Bespreking van de vorderingen van de benadeelde partijen
Benadeelde partij [slachtoffer 1]
heeft zich als benadeelde partij in het geding gevoegd voor het onder 1 op de dagvaarding met parketnummer 16/155236-20 ten laste gelegde feit en vordert een bedrag van € 20.276,55.
Het gevorderde bedrag bestaat uit de volgende materiële schadeposten:
  • € 600,- voor ambulancekosten, ziekenhuisdaggeldvergoeding, kapotte rugzak, spijkerbroek en shirt;
  • € 385,- in verband met toekomstige kosten voor psychische behandelingen;
  • € 50,- aan reiskosten;
  • € 443,50 aan noodzakelijke huishoudelijke hulp;
  • € 16.181,48 voor het verlies aan verdiencapaciteit;
  • € 116,57 aan verschotten voor medische informatie.
Daarnaast bestaat het gevorderde bedrag uit € 2.500,- smartengeld.
Ten slotte heeft de benadeelde partij verzocht om een contactverbod op te leggen.
9.7
Het standpunt van de officier van justitie
De officier van justitie heeft zich op het standpunt gesteld dat de toekomstige kosten voor psychische behandelingen en de kosten voor het verlies van verdiencapaciteit nog onzeker zijn. Met betrekking tot deze kosten moet de benadeelde partij volgens de officier van justitie niet-ontvankelijk in de vordering worden verklaard. De overige gevorderde kosten zijn volgens de officier van justitie voor toewijzing vatbaar. De officier van justitie heeft geen contactverbod gevorderd.
9.8
Het standpunt van de verdediging
De verdediging heeft zich verzet tegen toewijzing van de vordering voor zover deze ziet op toekomstige kosten. Ook heeft de verdediging zich verzet tegen toewijzing van de kosten die zijn gemaakt voor de huishoudelijke hulp.
9.9
Het oordeel van de rechtbank
De gevorderde schade komt voor vergoeding in aanmerking, behalve voor zover deze ziet op het verlies aan verdiencapaciteit van verdachte en zijn toekomstige kosten aan eigen risico van de zorgverzekering voor psychische behandelingen. Daarvan staat immers nog niet vast dat die schade daadwerkelijk geleden zal worden. De overige gevorderde schade acht de rechtbank voldoende onderbouwd en zij acht het bedrag aan gevorderde immateriële schade, waarbij verdachte zwaar is verwond, billijk. Het toe te wijzen bedrag komt daarmee op € 3.710,07, waarvan € 1.210,07 voor materiële schade en € 2.500,- voor immateriële schade.

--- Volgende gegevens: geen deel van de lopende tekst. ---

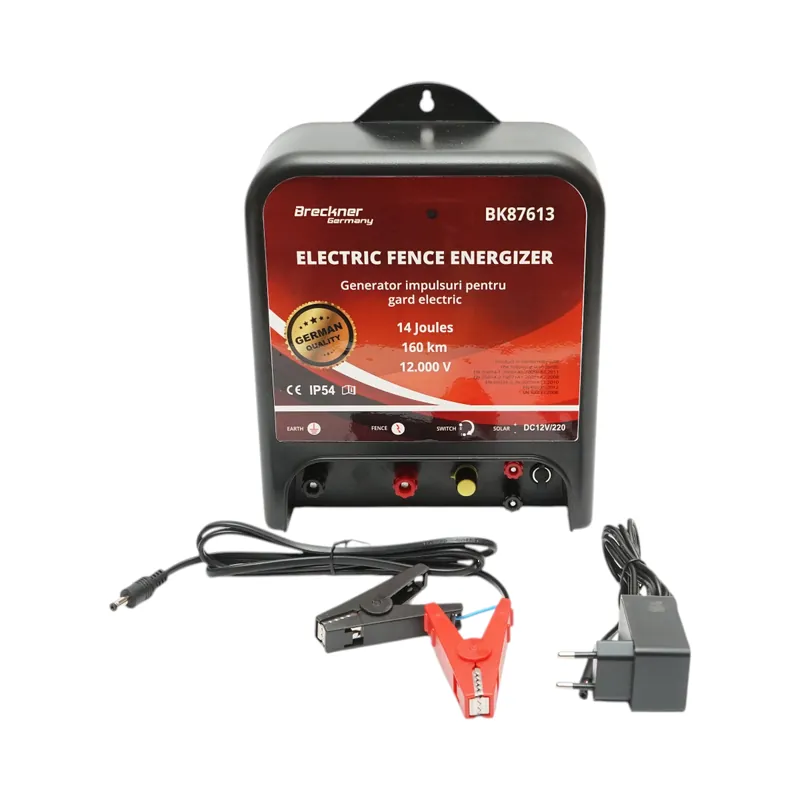 Aparat generator impulsuri 12/220V, 14 Joule pentru gard electric Breckner Germany Mai ieftin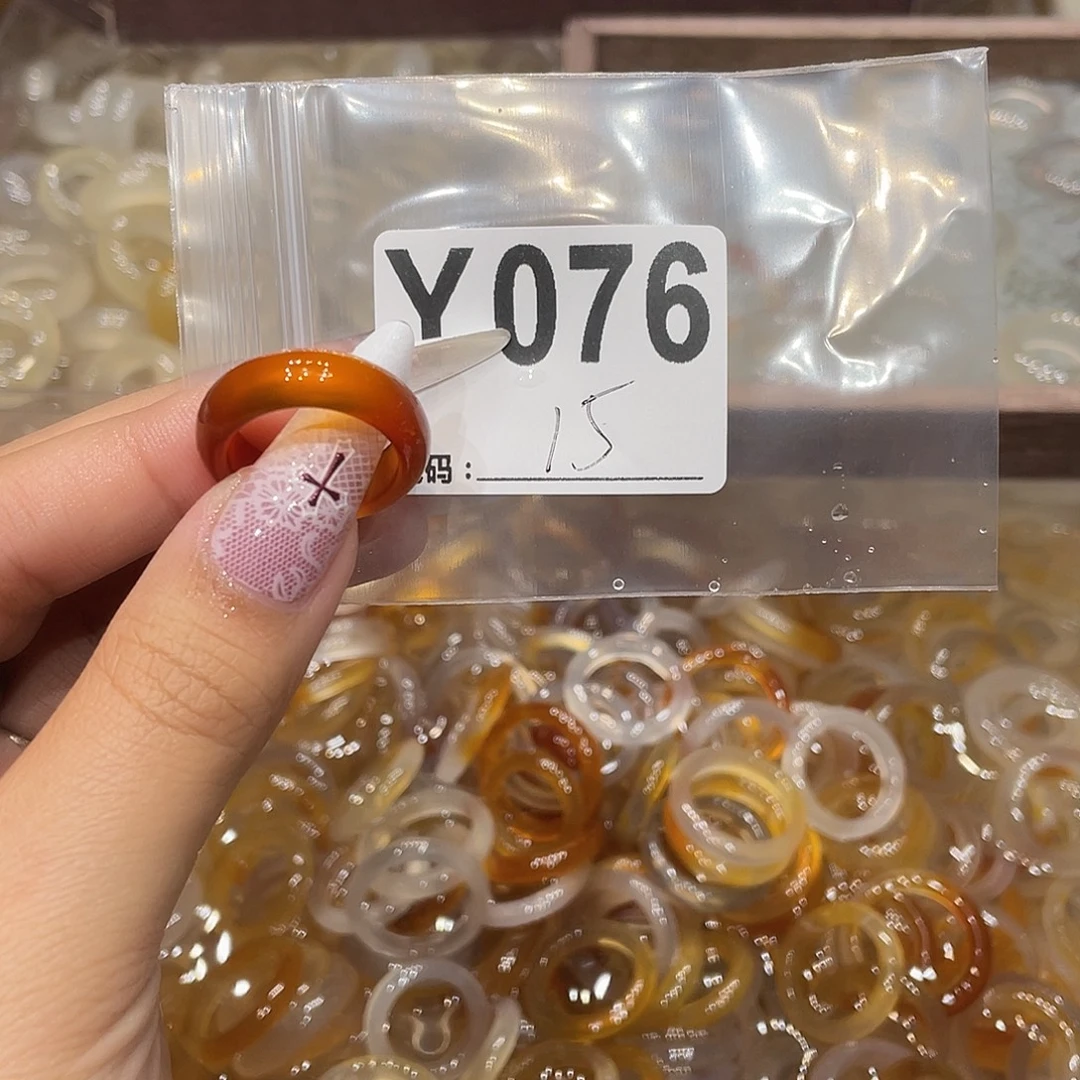 玛瑙/玉髓未镶嵌戒指076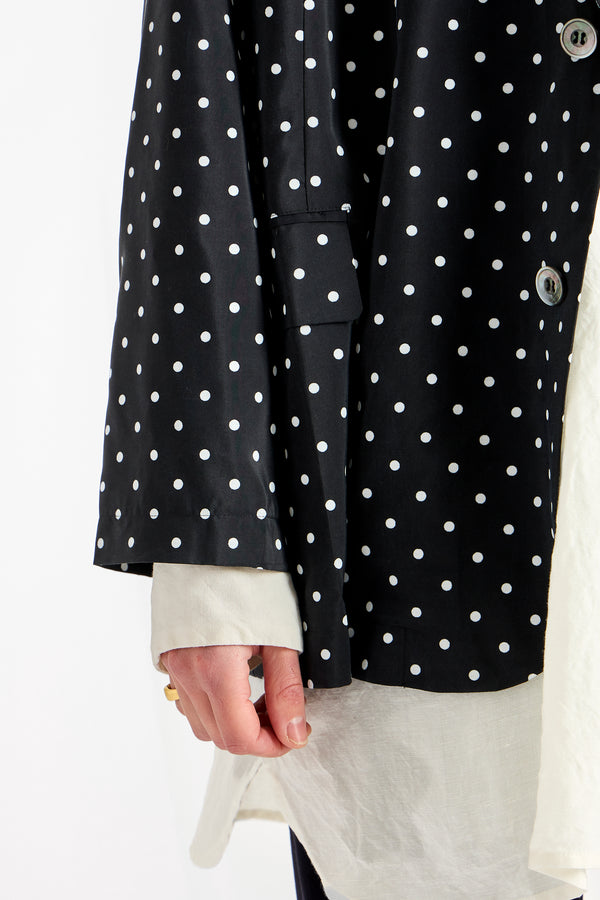 Dot Jacket in Black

De rechtbank zal daarom de vordering tot dat bedrag toewijzen, te vermeerderen met de gevorderde wettelijke rente vanaf 12 juni 2020 tot de dag van volledige betaling.
De benadeelde partij heeft meer gevorderd dan de rechtbank zal toewijzen. De behandeling van de vordering levert voor dat deel een onevenredige belasting van het strafgeding op. De rechtbank zal daarom de benadeelde partij in dat deel van de vordering niet-ontvankelijk verklaren en bepalen dat de vordering voor dat deel slechts bij de burgerlijke rechter kan worden aangebracht.
Verdachte zal ook worden veroordeeld in de kosten die de benadeelde partij heeft gemaakt en ten behoeve van de tenuitvoerlegging van deze uitspraak nog zal maken. Deze kosten worden tot op dit moment begroot op nihil.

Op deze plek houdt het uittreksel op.